Revelations with bread

Leavening Revelations

I had a meal with a friend once. It was revelatory.

“I think it’s your cooking,” he said between mouthfuls of unleavened bread.  “That and your fashion sense.”

So I nodded, considering the rips and the tears in my fraying blue jeans.  As I looked down at my lap, he munched away with a second bottle of wine.

Then he started again with the half-chewed slice in his teeth, “You know, it might have something to do with your gait.  The confusing, half-masculine swagger, that is.”

Swagger?  What swagger?  Stiff, hunched over, devoid of a spine – but swagger?  I could think of a hundred awkward descriptions of my character.  But “swagger” – pejorative or complimentary – did not even stretch to a fit.

“I know these are all external things, but it’s where it starts, you know?”

I didn’t.  I don’t.  And I wouldn’t.  The fault of a man in jeans and androgynous gait?  Impossible.  So I squirmed in disagreement, nervously pulling at the tops of my socks.  He, in turn, eyed my restlessness and stopped mid-mastication.

“You ok?” he asked.  I nodded.  He grunted a sarcastic assent. “It’s not easy to hear about your weaknesses,” he continued with tugs at recalcitrant loaves.  “After all, insecurity is the hallmark of just about everybody.”

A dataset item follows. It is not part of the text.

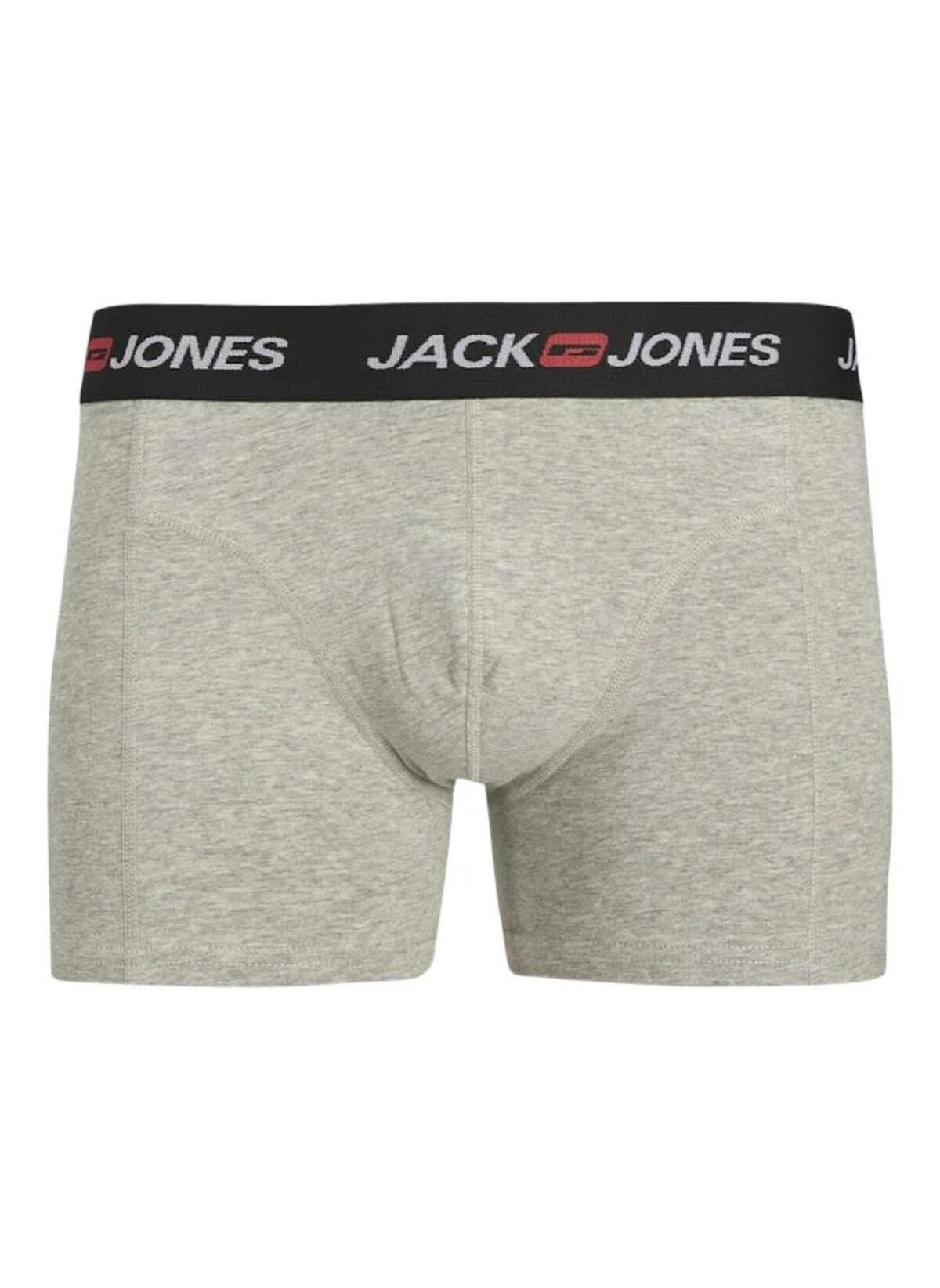 Jack&Jones Boxer 12282733 Multi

Hallmark.  Huh.  Now maybe he was onto something.  I had heard a lot of the banal details of fashion faux pas, of everything wrong with the outside of me.  Until now, all I found in his banter was mounting frustration.  But insecurity – that hit on a wincing discordance.

I didn’t say anything.  Instead, I eyed his speckled, fistfuls of bread and sniffed in tune to the fumes of the wine.  For some reason, he was content with silence.  Where did the questions go?  What happened to correction?

Several minutes of silence and he finally offered me the crumbs of his bread.  “Give it a taste,” he said, lifting the plate to my lips.  Cautiously, I received it, tilting the fragments of bread to meet my tongue.  Suddenly – as the crumbly waterfall came – I realized how hungry I was.  How hungry I am.

As I licked the last of the crumbs from the basket, he sat silently content.  Eyes never wavering – oceans of blue and black – he stared at my gorging, self-feast.

Finally content, I let the plate down to the table. 

“Better now?” he smiled through oddly-bright rays of the afternoon sun.  I nodded, hands clasped on my crumb-covered lap below.

“Now,” he intoned with the sirens of angels, “what’s on your mind?”

Grasping the soonest pocket of air, swelling high with my back perpendicular to the chair, I expelled the repressions of life.  The opposite of gorging, out with it all:  admitting the heart of my sorry, sad self.

And without knowing, as he grinned in patient acceptance, I brushed the residual  crumbs from my shambly jeans.